Repeat the whole listing exactly as it appears.

= Records supplied =
════════════════════

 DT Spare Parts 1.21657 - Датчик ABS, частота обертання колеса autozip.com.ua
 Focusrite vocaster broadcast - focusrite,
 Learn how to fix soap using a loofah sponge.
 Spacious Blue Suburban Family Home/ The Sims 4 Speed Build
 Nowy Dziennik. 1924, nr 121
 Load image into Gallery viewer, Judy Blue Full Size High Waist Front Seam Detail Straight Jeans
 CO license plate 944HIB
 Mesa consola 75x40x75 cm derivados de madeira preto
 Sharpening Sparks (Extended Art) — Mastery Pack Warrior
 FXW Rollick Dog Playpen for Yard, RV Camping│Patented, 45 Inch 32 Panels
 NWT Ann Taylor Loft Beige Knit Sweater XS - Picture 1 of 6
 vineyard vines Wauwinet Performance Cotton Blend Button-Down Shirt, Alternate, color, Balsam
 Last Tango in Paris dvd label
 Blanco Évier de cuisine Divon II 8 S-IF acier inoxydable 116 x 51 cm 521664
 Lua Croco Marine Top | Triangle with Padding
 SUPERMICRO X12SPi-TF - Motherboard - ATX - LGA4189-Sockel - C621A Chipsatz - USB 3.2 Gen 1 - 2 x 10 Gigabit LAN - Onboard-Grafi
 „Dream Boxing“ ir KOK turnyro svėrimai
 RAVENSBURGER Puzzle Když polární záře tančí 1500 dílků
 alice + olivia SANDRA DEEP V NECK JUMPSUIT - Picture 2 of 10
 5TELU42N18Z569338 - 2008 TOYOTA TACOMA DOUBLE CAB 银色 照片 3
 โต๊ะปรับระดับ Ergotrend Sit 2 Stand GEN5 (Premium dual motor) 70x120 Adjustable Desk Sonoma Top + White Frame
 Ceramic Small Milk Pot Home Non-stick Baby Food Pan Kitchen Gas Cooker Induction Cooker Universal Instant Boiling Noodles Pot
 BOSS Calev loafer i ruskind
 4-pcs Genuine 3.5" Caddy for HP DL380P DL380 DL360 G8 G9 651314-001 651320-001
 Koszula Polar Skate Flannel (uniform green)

════════════════════

= Response area =
 DT Spare Parts 1.21657 - Датчик ABS, частота обертання колеса autozip.com.ua
 Focusrite vocaster broadcast - focusrite,
 Learn how to fix soap using a loofah sponge.
 Spacious Blue Suburban Family Home/ The Sims 4 Speed Build
 Nowy Dziennik. 1924, nr 121
 Load image into Gallery viewer, Judy Blue Full Size High Waist Front Seam Detail Straight Jeans
 CO license plate 944HIB
 Mesa consola 75x40x75 cm derivados de madeira preto
 Sharpening Sparks (Extended Art) — Mastery Pack Warrior
 FXW Rollick Dog Playpen for Yard, RV Camping│Patented, 45 Inch 32 Panels
 NWT Ann Taylor Loft Beige Knit Sweater XS - Picture 1 of 6
 vineyard vines Wauwinet Performance Cotton Blend Button-Down Shirt, Alternate, color, Balsam
 Last Tango in Paris dvd label
 Blanco Évier de cuisine Divon II 8 S-IF acier inoxydable 116 x 51 cm 521664
 Lua Croco Marine Top | Triangle with Padding
 SUPERMICRO X12SPi-TF - Motherboard - ATX - LGA4189-Sockel - C621A Chipsatz - USB 3.2 Gen 1 - 2 x 10 Gigabit LAN - Onboard-Grafi
 „Dream Boxing“ ir KOK turnyro svėrimai
 RAVENSBURGER Puzzle Když polární záře tančí 1500 dílků
 alice + olivia SANDRA DEEP V NECK JUMPSUIT - Picture 2 of 10
 5TELU42N18Z569338 - 2008 TOYOTA TACOMA DOUBLE CAB 银色 照片 3
 โต๊ะปรับระดับ Ergotrend Sit 2 Stand GEN5 (Premium dual motor) 70x120 Adjustable Desk Sonoma Top + White Frame
 Ceramic Small Milk Pot Home Non-stick Baby Food Pan Kitchen Gas Cooker Induction Cooker Universal Instant Boiling Noodles Pot
 BOSS Calev loafer i ruskind
 4-pcs Genuine 3.5" Caddy for HP DL380P DL380 DL360 G8 G9 651314-001 651320-001
 Koszula Polar Skate Flannel (uniform green)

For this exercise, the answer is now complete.